President Obama will welcome recently elected Australian Prime Minister Malcolm Turnbull to the White House this winter, after the two met on the sides of the Asia Pacific Economic Cooperation summit in Manila, Philippines, on Tuesday.
“There are very few countries around the world that match the kinds of continuous, comprehensive friendship and partnership that we maintain with Australia,” Obama said during a joint appearance with Turnbull after their meeting.
Related Story: http://www.washingtonexaminer.com/article/2575923
Obama noted Canberra’s position as the second-largest contributor to the 65-nation counter-Islamic State coalition, and as an “enormously helpful” partner in stabilizing and rebuilding Afghanistan.

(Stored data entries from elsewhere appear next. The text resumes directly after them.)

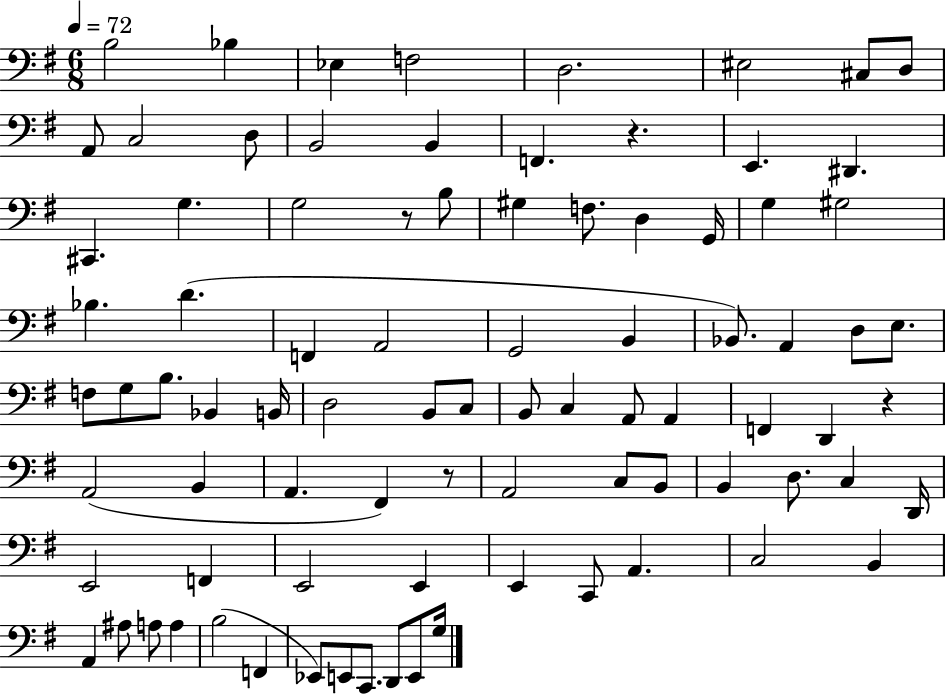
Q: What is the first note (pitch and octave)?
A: B3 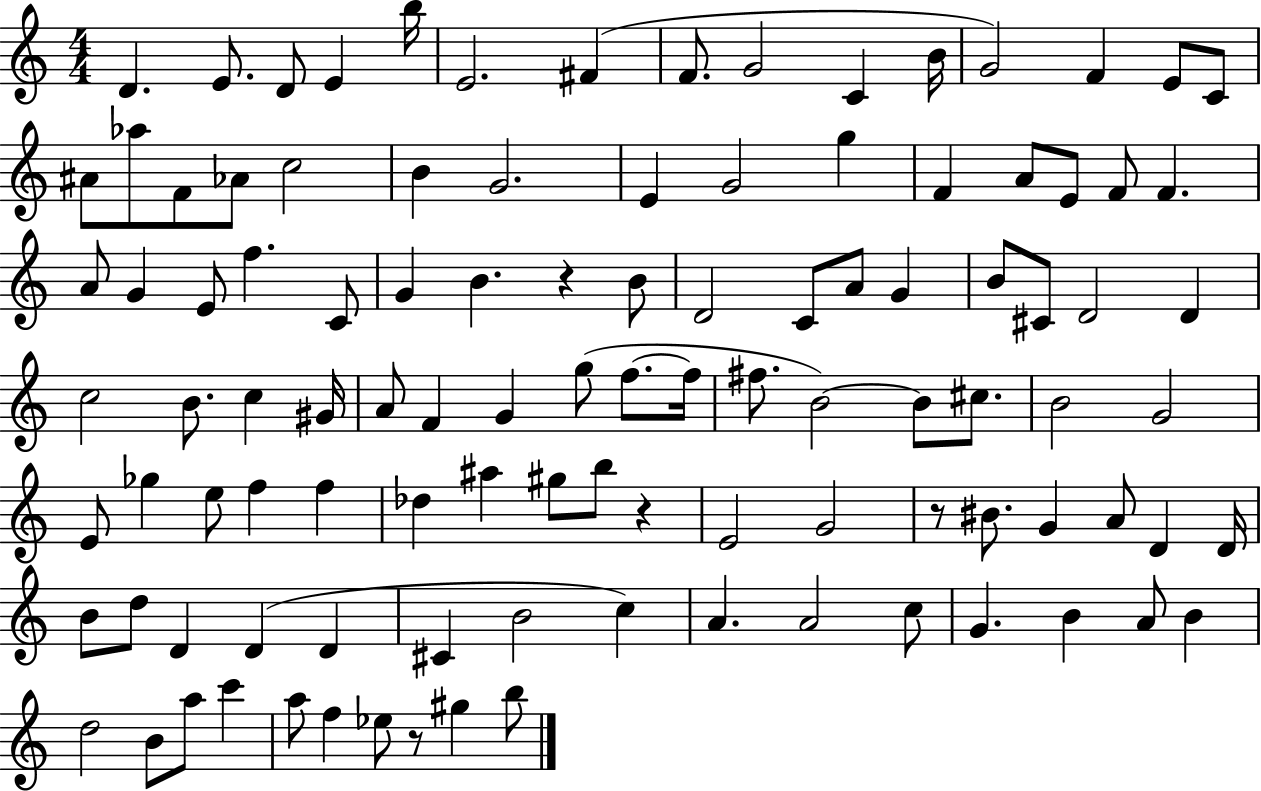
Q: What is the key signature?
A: C major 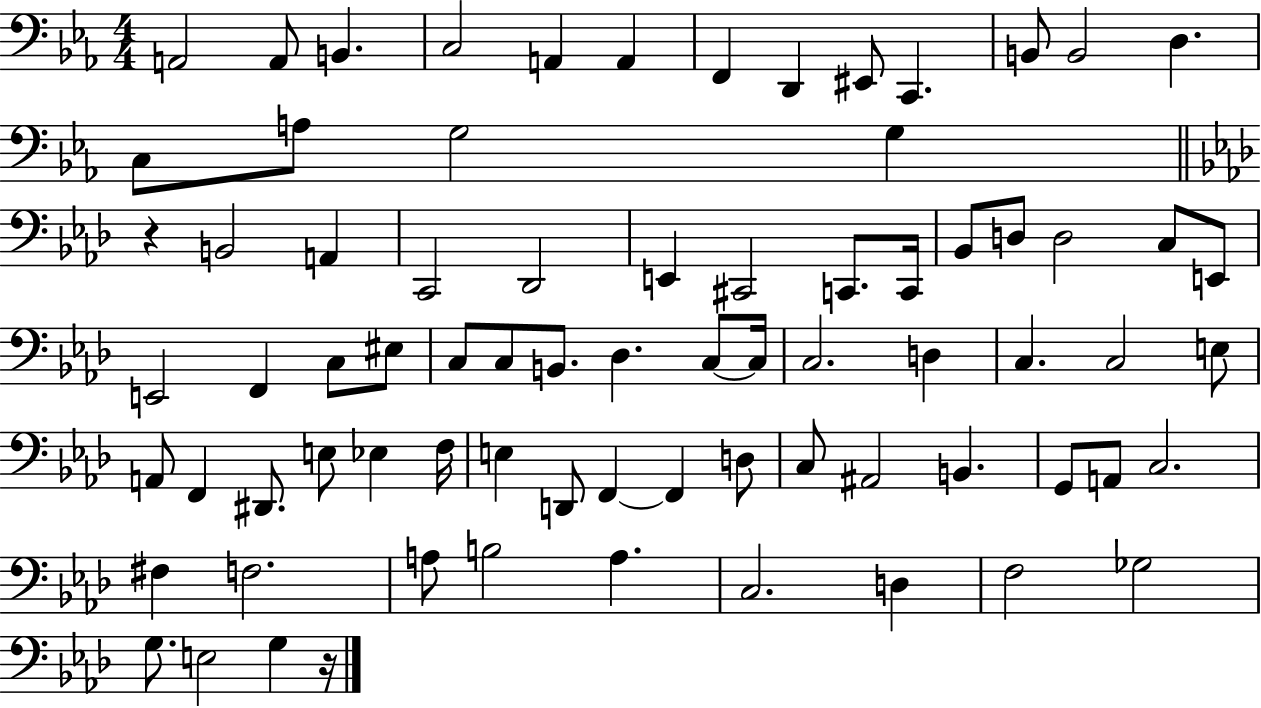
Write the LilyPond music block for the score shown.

{
  \clef bass
  \numericTimeSignature
  \time 4/4
  \key ees \major
  a,2 a,8 b,4. | c2 a,4 a,4 | f,4 d,4 eis,8 c,4. | b,8 b,2 d4. | \break c8 a8 g2 g4 | \bar "||" \break \key aes \major r4 b,2 a,4 | c,2 des,2 | e,4 cis,2 c,8. c,16 | bes,8 d8 d2 c8 e,8 | \break e,2 f,4 c8 eis8 | c8 c8 b,8. des4. c8~~ c16 | c2. d4 | c4. c2 e8 | \break a,8 f,4 dis,8. e8 ees4 f16 | e4 d,8 f,4~~ f,4 d8 | c8 ais,2 b,4. | g,8 a,8 c2. | \break fis4 f2. | a8 b2 a4. | c2. d4 | f2 ges2 | \break g8. e2 g4 r16 | \bar "|."
} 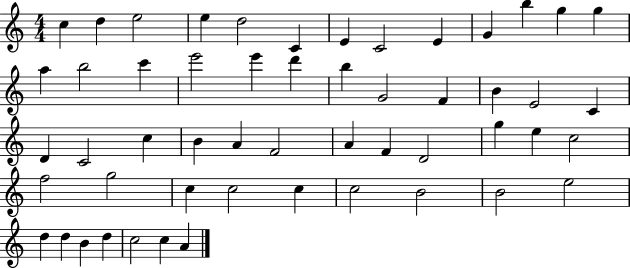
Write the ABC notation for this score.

X:1
T:Untitled
M:4/4
L:1/4
K:C
c d e2 e d2 C E C2 E G b g g a b2 c' e'2 e' d' b G2 F B E2 C D C2 c B A F2 A F D2 g e c2 f2 g2 c c2 c c2 B2 B2 e2 d d B d c2 c A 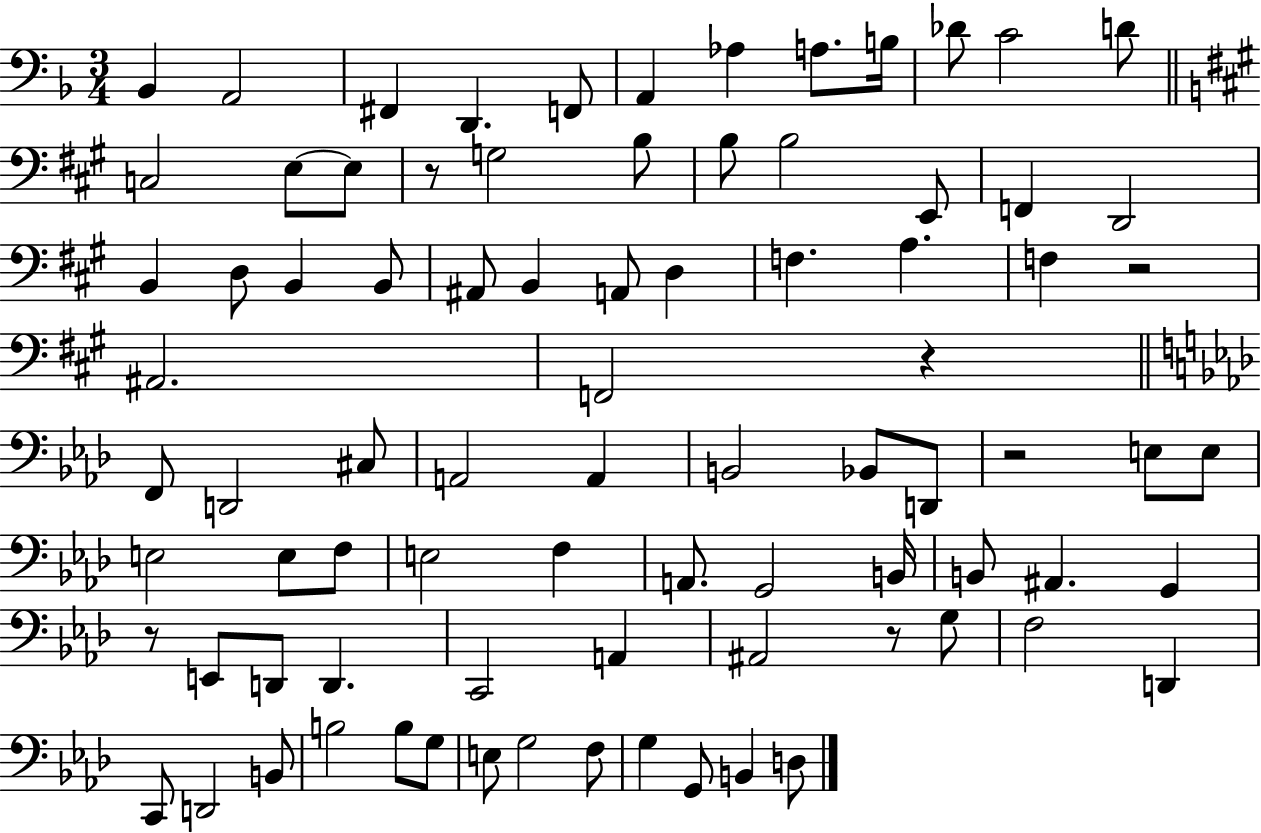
{
  \clef bass
  \numericTimeSignature
  \time 3/4
  \key f \major
  \repeat volta 2 { bes,4 a,2 | fis,4 d,4. f,8 | a,4 aes4 a8. b16 | des'8 c'2 d'8 | \break \bar "||" \break \key a \major c2 e8~~ e8 | r8 g2 b8 | b8 b2 e,8 | f,4 d,2 | \break b,4 d8 b,4 b,8 | ais,8 b,4 a,8 d4 | f4. a4. | f4 r2 | \break ais,2. | f,2 r4 | \bar "||" \break \key f \minor f,8 d,2 cis8 | a,2 a,4 | b,2 bes,8 d,8 | r2 e8 e8 | \break e2 e8 f8 | e2 f4 | a,8. g,2 b,16 | b,8 ais,4. g,4 | \break r8 e,8 d,8 d,4. | c,2 a,4 | ais,2 r8 g8 | f2 d,4 | \break c,8 d,2 b,8 | b2 b8 g8 | e8 g2 f8 | g4 g,8 b,4 d8 | \break } \bar "|."
} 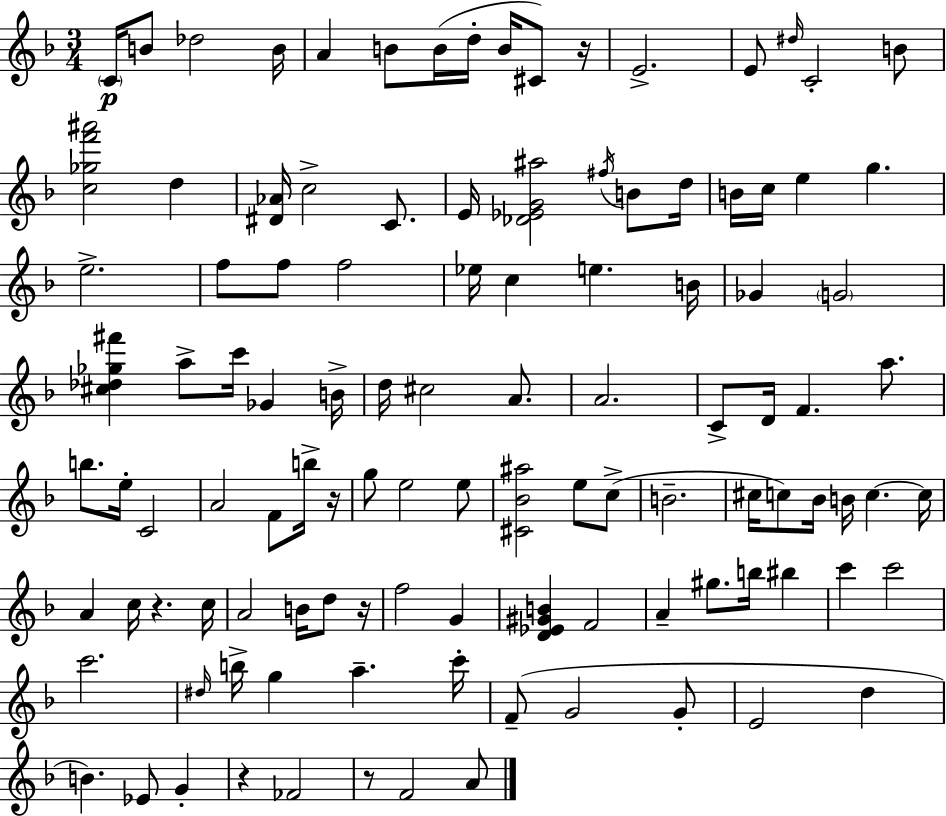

“We’ve had a chance to talk not only about the continuing need to ramp up pressure against ISIL and our collaboration in reaching out to the Muslim world and working with them to prevent radicalization and to prevent the kinds of horrific terrorist attacks that we’ve seen most recently in Paris, but we’ve also had a chance to talk about how we can reach out to our own people and Muslim communities in order to ensure that they feel fully a part of American and Australian democracy,” Obama said.
Obama also noted that Australia, as a neutral observer like the United States in the South China Sea land disputes, can be a key ally in helping the region “uphold the basic principle that these issues should be resolved by international norms and rule of law and peacefully settled.”
The two also discussed trade, which will be the basis of conversation when Turnbull visits Washington for the first time this winter, Obama said.
Turnbull acknowledged that the Paris attacks consumed much of their time, as it did during the G-20 summit in Turkey over the weekend.
“[W]e will continue, shoulder-to-shoulder, with the United States and our allies in the fight against this type of extremist violence, this type of terrorism,” Turnbull said. “We have a common purpose and a common strategy.”
Turnbull said he and Obama were “shocked” by the Islamic State attacks that killed 129 Parisians on Friday.
“It was a sobering reminder of the threat that terrorism poses to us,” Turnbull said. “But there was comfort in this: Total solidarity and sympathy with the people of France; it was absolutely united,” he said of reaction at the G-20. “The leadership shown by the nations represented there was … solid.”